Sometimes, when the weather became too cold, trials had to be postponed because the fireplaces couldn’t kick out enough heat for the elaborate courtroom, Schultz said.
“Sometimes it was below zero for several days in a row, and it wasn’t conducive to holding trials when you had just the heat from a fireplace,” she said.
Today, the courtroom retains its 1890s charm but now features 21st century conveniences like the ability to easily project videos for the benefit of the judge and jury — and, of course, a modern HVAC system.
It is one of two courthouses in LaPorte County, the only Hoosier county to have two fully functioning courthouses. The other is in downtown Michigan City.
Most people get to visit the first and second floors of the LaPorte courthouse. They don’t see the judge’s private office and law library on the third floor.
They do see evidence of the change in county government over the years — including a sign for the school superintendent’s office.

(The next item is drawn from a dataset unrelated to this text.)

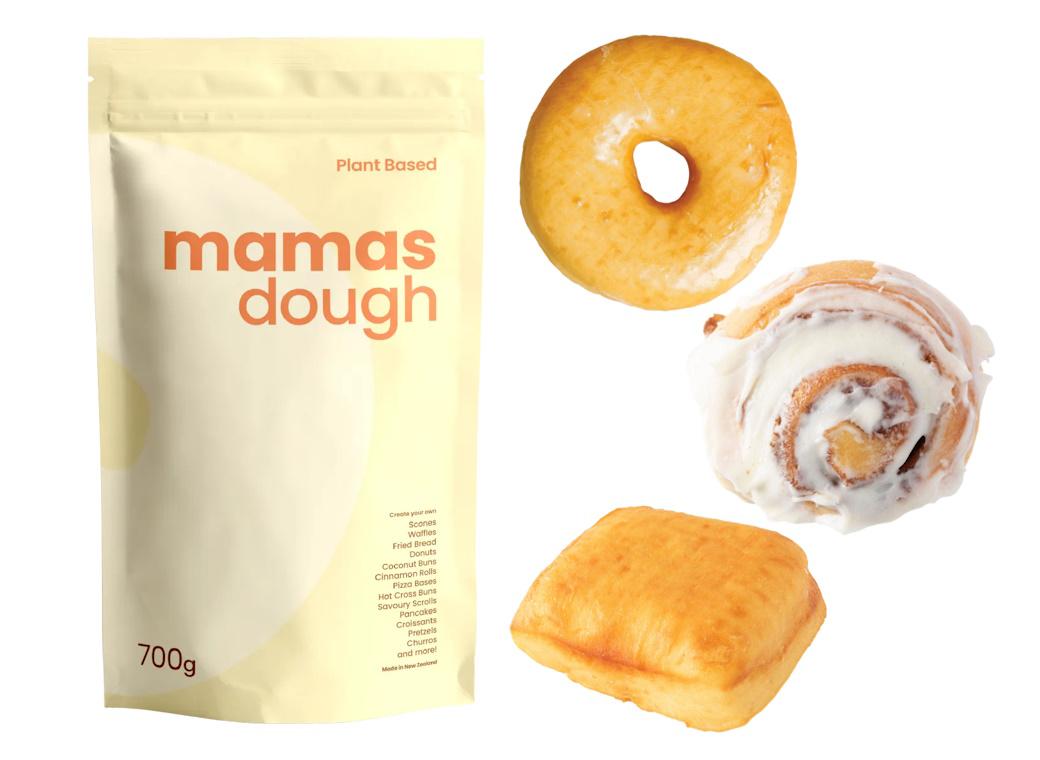 Mamas Dough - Plant Based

That was back when the township trustees ran the public schools, before the 1959 state law that encouraged township school systems to be consolidated or reorganized, a process finally completed several years ago when Tri-Township Consolidated School Corp. was formed in LaPorte County, in the Wanatah and LaCrosse area.

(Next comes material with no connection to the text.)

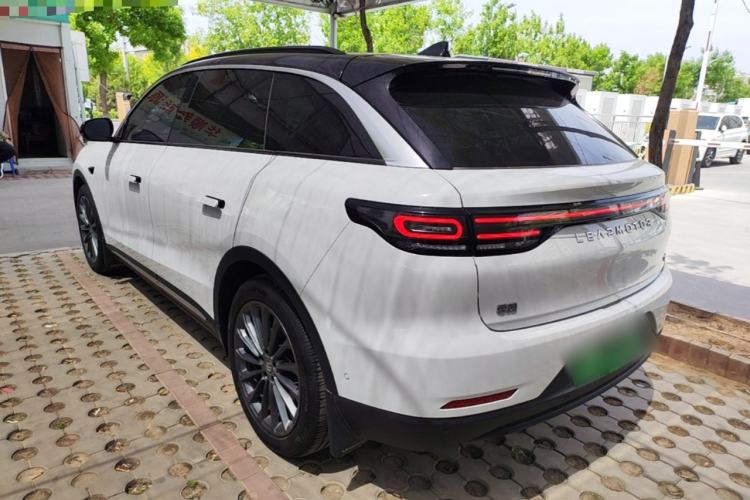 Used Leapmotor C11 2024 All-Electric 580 Luxury Edition Rear Left 45 Deg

Visitors also can see evidence of restoration.
“There were 273 pieces of leaded glass in the original skylight, and it weighed 4,641 pounds,” Schultz said.
A restoration in 1921 took 125 pounds of putty for the glazing. It was closed when commissioners were worried about leakage.
“In 2006, the panes were replaced with laminated glass, and the panes were arranged in a pattern very close to the original pattern,” Schultz said.
Visitors who want to see the skylight have to go the second floor because the elevator blocks the view from the first floor.
The first elevator was installed in 1907, replaced in the early 1920s with a cage type elevator. Kids would come in just to ride the elevator. It was replaced in the 1970s, Schultz said.
The building has seen some remodeling over the years, but nothing as extensive as in 1937, when the entrance on Michigan Avenue was removed. An enormous fireproof vault was installed in its place.
“It goes from the basement up through the first floor and second floor,” Schultz said.
“We were one of the early courthouses that were considered fireproof. At least our records were in a fireproof location,” Schultz said. A number of courthouses have been burned and records destroyed, she said.
The exterior is made of red sandstone from the Lake Superior region. “I don’t believe there’s any other courthouse in the state of Indiana made of red sandstone,” Schultz said. It was shipped to Michigan City, brought by rail to LaPorte, then cut to size on the courthouse lawn.
Nearly four dozen gargoyles are sculpted into the interior supports and exterior walls.
The existing building is the third on the site. The first was in 1834, two years after the county was formed. The second was in 1846. That cornerstone is incorporated in the existing structure. No one knows what is in the 1846 cornerstone, Schultz said.